** Aim of the task **
Write out every line of the material as it stands, apart from the pictures.

** Information shown **
══════════
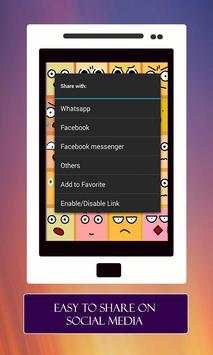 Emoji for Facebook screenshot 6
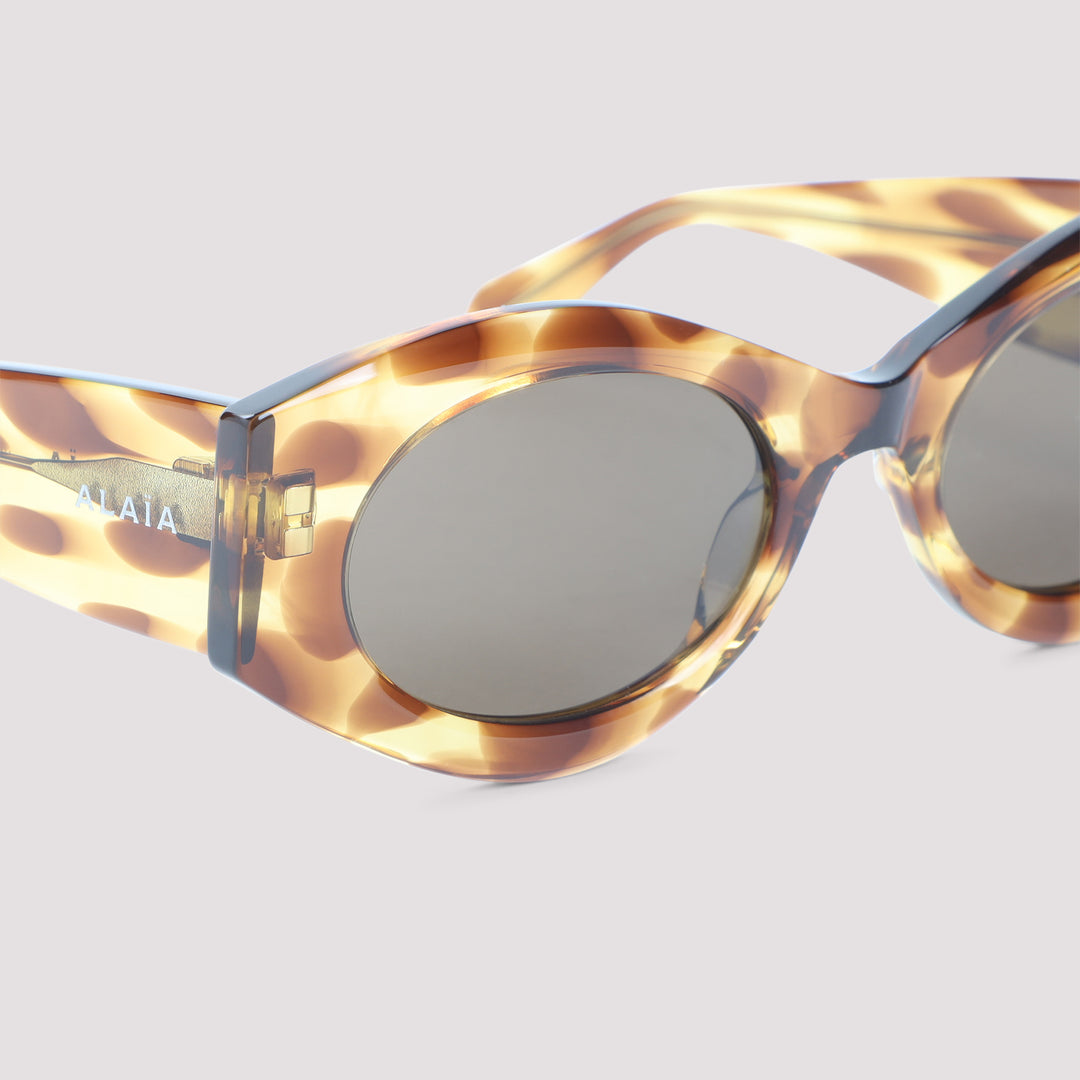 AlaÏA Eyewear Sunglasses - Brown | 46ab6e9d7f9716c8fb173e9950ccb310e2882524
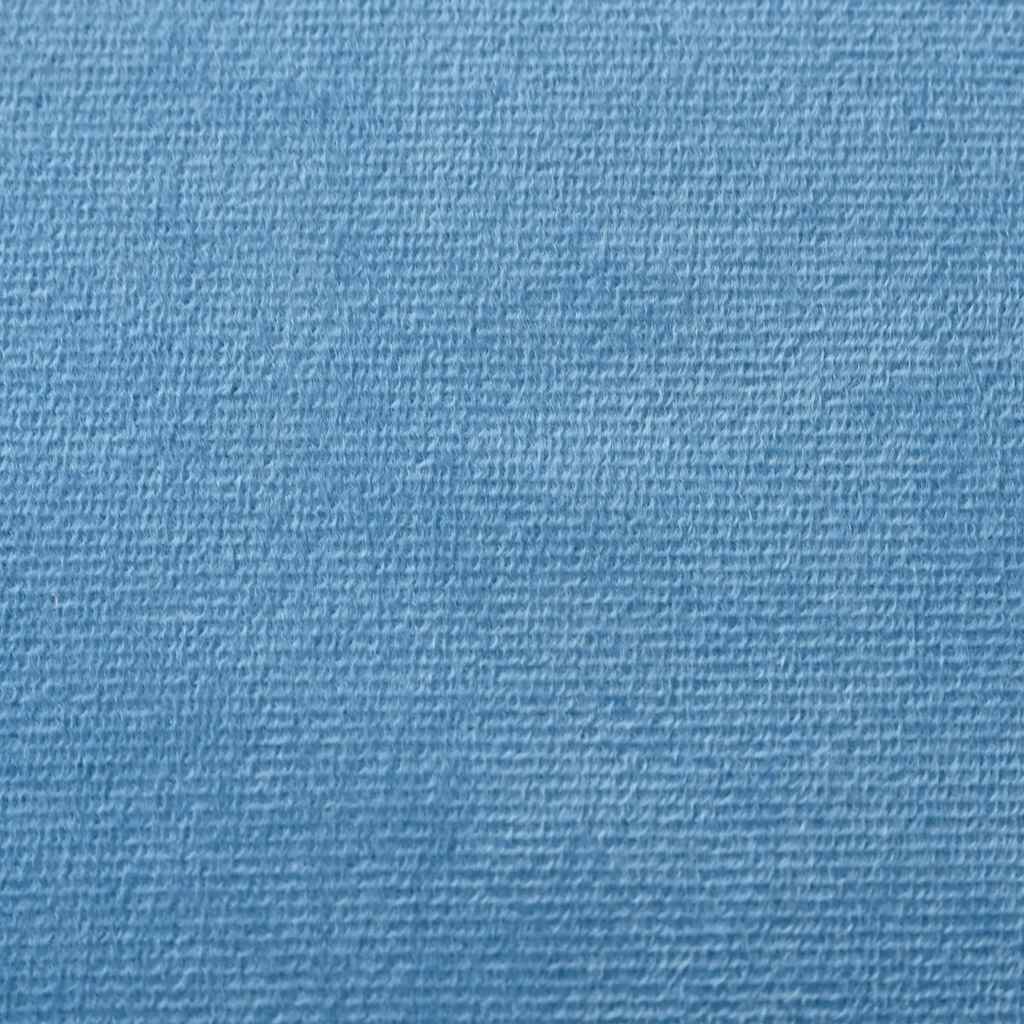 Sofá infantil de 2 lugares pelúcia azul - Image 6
══════════
** Answer to the exercise **
 Emoji for Facebook screenshot 6
 AlaÏA Eyewear Sunglasses - Brown | 46ab6e9d7f9716c8fb173e9950ccb310e2882524
 Sofá infantil de 2 lugares pelúcia azul - Image 6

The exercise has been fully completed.